## what is tokenization?

it's the process of breaking text into smaller units (tokens) which are the input to the LLM. these tokens can be characters, subwords, words and byte sequences. the way text is tokenized directly affects model performance, generalization, vocabulary size and handling of rare/unknown words.

we can't use whole words as tokens for a few reasons:

1. the vocabulary quickly becomes very large.
2. models struggle with rare or unseen words, such as typos or new names.
3. morphologically rich languages (like german) create many variants of the same root word.

this is why we implement **subword tokenization**, splitting words into subwords to reduce total vocabulary size but retain the complex relations in the text.

- since the corpus that trains the tokenizer is almost entirely composed of english, the tokenization of other languages usually result in a higher vocab size, because the "chunks" are more broken up and we use a lot more tokens for the *exact same thing*, bloating the sequence length of the documents and overflowing the maximum context length of attention.


## byte-pair encoding
is a popular subowrd tokenization approach. the most common pair of bytes in a corpus are iteratively combined until the necessary vocabulary size is attained, creating a collection of subwords. 

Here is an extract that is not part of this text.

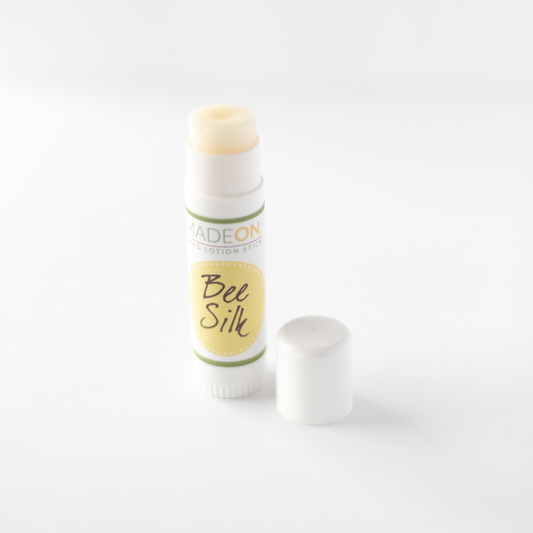 Beesilk hard lotion bars come in a lotion stick which is perfect for spot treatment of mild eczema and other skin conditions.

1. start with a base vocabulary of characters (ex. 'a','b','c',...).
2. represent each word as a sequence of characters + end-of-word symbol.
3. count the most frequent pair of symbols in the training data.
4. merge the most frequent pair into a new symbol and update all occurrences.
5. repeat 3-4 for a fixed number of merges or until the vocabulary reaches a certain size.

the main advantages of BPE is how well it adapts to rare words (by breaking them into known subwords) and how it limits vocabulary size. also, it remains robust across many languages.

however, BPE is frequency-based, not linguistically motivated, so some splits may break grammar relations. also, merges are fixed, so the tokenizer doesn't adapt to new domains, and it may treat semantically similar words differently if they tokenize differently.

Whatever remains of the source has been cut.